Most private insurance contracts allow providers and enrollees to obtain prior assurance that a claim will be covered. This is the case for many higher-cost services, but in some circumstances the health plan may require preauthorization. This, however, is not how Medicare operates. When providers believe Medicare will not pay for a recommended service the provider deemed “reasonable and necessary” (Medicare’s standard for coverage), they must notify a traditional FFS beneficiary both verbally and in writing, that the service may not be reimbursable. This “advance beneficiary notice” (ABN) is intended to foster an informed discussion between the doctor and the beneficiary about whether or not to proceed with the service at the beneficiary’s expense. (An ABN is not required for services that are categorically excluded from Medicare coverage, such as cosmetic surgery and experimental procedures.)
An ABN is not considered a private contract. Some providers have misused ABNs, asking beneficiaries to sign blanket notices promising payment far in advance without specifying the service. A blanket notice that does not specify the service does not fulfill the purpose of the ABN or enable a beneficiary to make an informed choice each time a service is recommended.
As part of the Medicare Modernization Act of 2003, Congress called for a system of prior determination in Medicare for certain items and services.

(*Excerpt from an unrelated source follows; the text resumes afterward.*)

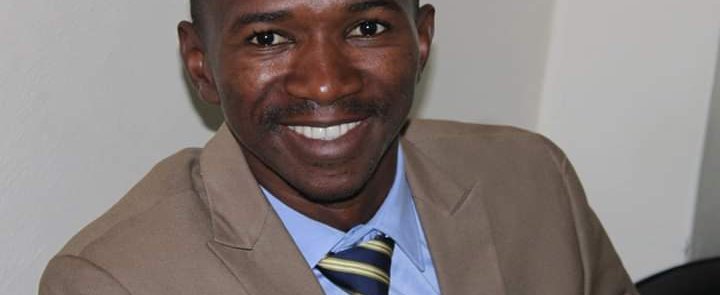 le militant guinéen Alseny Farinta Camara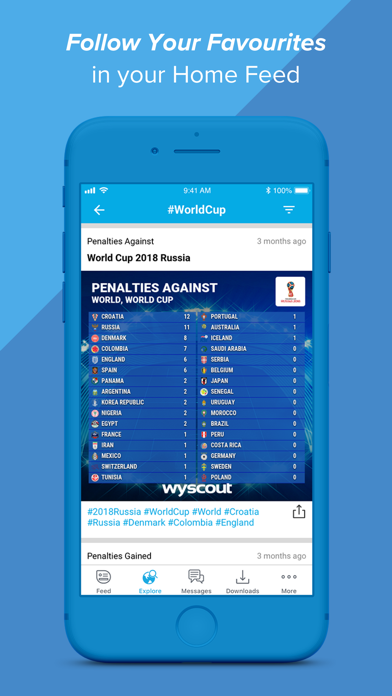 Wyscout Screenshot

CMS published final rules for the new system in 2008. They state that beneficiaries or their providers may ask a Medicare administrative contractor about the coverage and cost of certain services and items. Prior-determination requests may be made only for physician services with the highest average allowed charges, and for plastic and dental surgeries with a Medicare Physician Fee Schedule amount of $1,000 or more. Many beneficiaries may not be aware of physician charges or their right to prior determinations.
TRADITIONAL MEDICARE ADVANCE BENEFICIARY NOTICES: Policy
Appropriate use of notices
CMS should prohibit routine or blanket use of ABNs by providers. CMS should monitor the use of ABNs and sanction providers who use them inappropriately.
CMS should ensure that providers and beneficiaries are informed about the appropriate use of ABNs.
ABNs should clearly indicate the item or service for which Medicare payment is in question, the reason why Medicare payment is in question, and why the provider believes the service is necessary. ABNs should require the signatures of both the provider and the beneficiary.
CMS should closely monitor the system of prior determination in Medicare to ensure that it is applied fairly and broadly.